Billboards around South Florida imply that President Barack Obama has been bad for Israel – helping to stoke a local debate with just two weeks left until the election.
One billboard, which shows an Iranian missile headed toward Israel, says “Friends don’t let friends get nuked” and adds, “Stop Obama!”
"They simply are not telling the truth,” Mitch Caesar says.
Caesar, who is chair of the Broward Democratic Party and is Jewish, quoted Israeli Defense Minister Ehud Barak in defense of the president.
Barak "has said that the relationship between this government under the Obama administration and Israel has been at the highest, strongest level ever,” Caesar said.

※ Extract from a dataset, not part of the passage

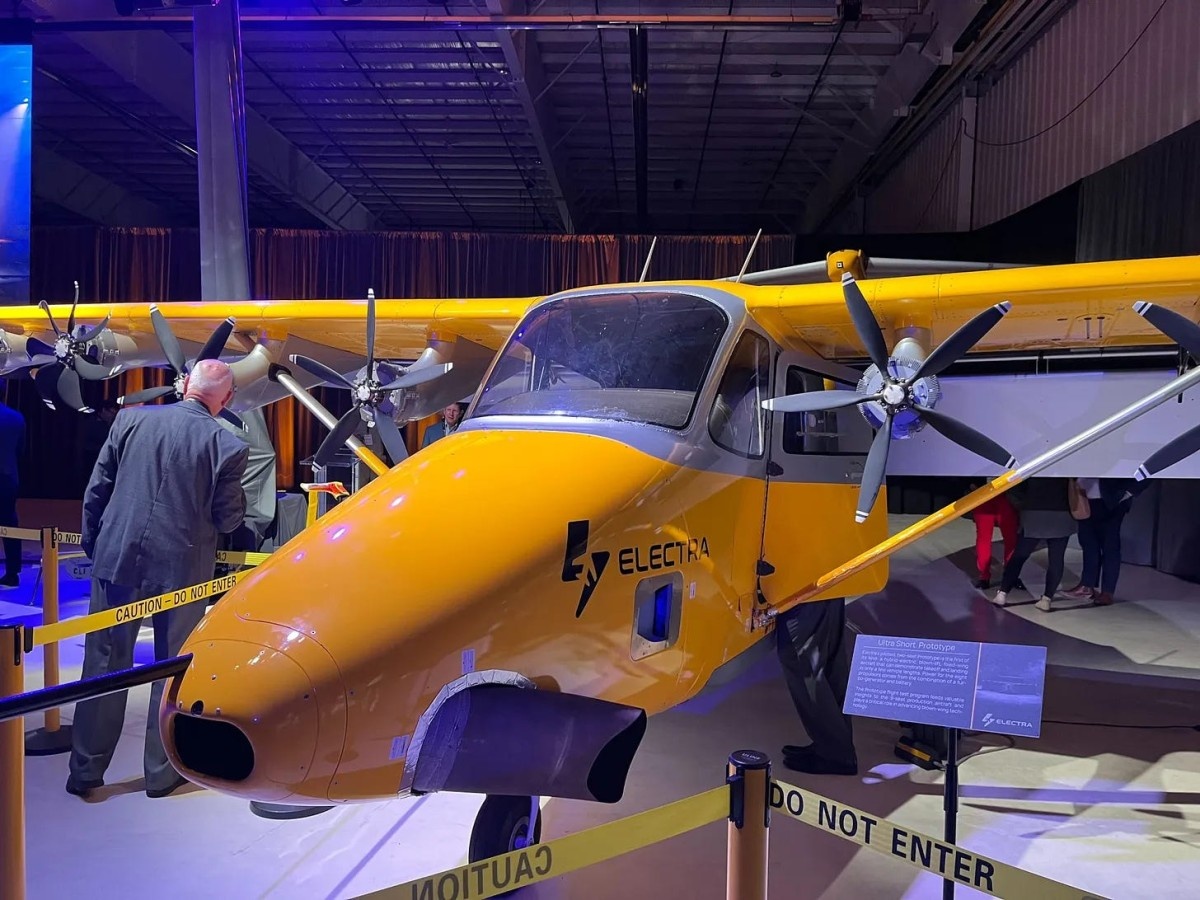    Гибридный самолёт Electra EL9 вмещает девять пассажиров и не нуждается в аэродроме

But celebrity Rabbi Shmuley Boteach said that Obama “has been a very unreliable steward of the America-Israel relationship."
Boteach, who is a Republican running for Congress in New Jersey, spoke at the Scheck Hillel Community School in North Miami Beach Tuesday.
Israel was one of the big topics of Monday night's final presidential debate at Lynn University in Boca Raton, where Obama said that the U.S. has “unprecedented military and intelligence cooperation” with the Middle Eastern country.
"It was nice to hear, finally, President Obama saying that Israel's America's foremost ally in the region,” Boteach said. “He usually speaks of Israel as one of many allies."
Local
The billboards are only one part of the strategy to peel away Jewish votes from Obama. Surrogates for Republican presidential nominee Mitt Romney are pounding the "Obama is bad for Israel" message full force.
"Unfortunately, this president has been dismal on Israel, he has insisted on pressuring Israel publicly and privately,” Congressman Mario Diaz-Balart said.
In the debate, Romney criticized Obama for not visiting Israel on his 2009 Middle East trip.
"You skipped Israel, our closest friend in the region, but you went to the other nations,” he said.
Democratic Congresswoman Debbie Wasserman Schultz countered, "the president has had Israel's back in word and deed."
“The reason the Republicans are spending all this money is because they know they're wrong on every issue that matters to Jews domestically, whether it's education or health care or women's health or reproductive freedom,” said Wasserman Schultz, who is the first Jewish woman elected to congress from Florida.
She said that despite the ad blitz, Obama has higher Jewish support now than he did at this point in 2008.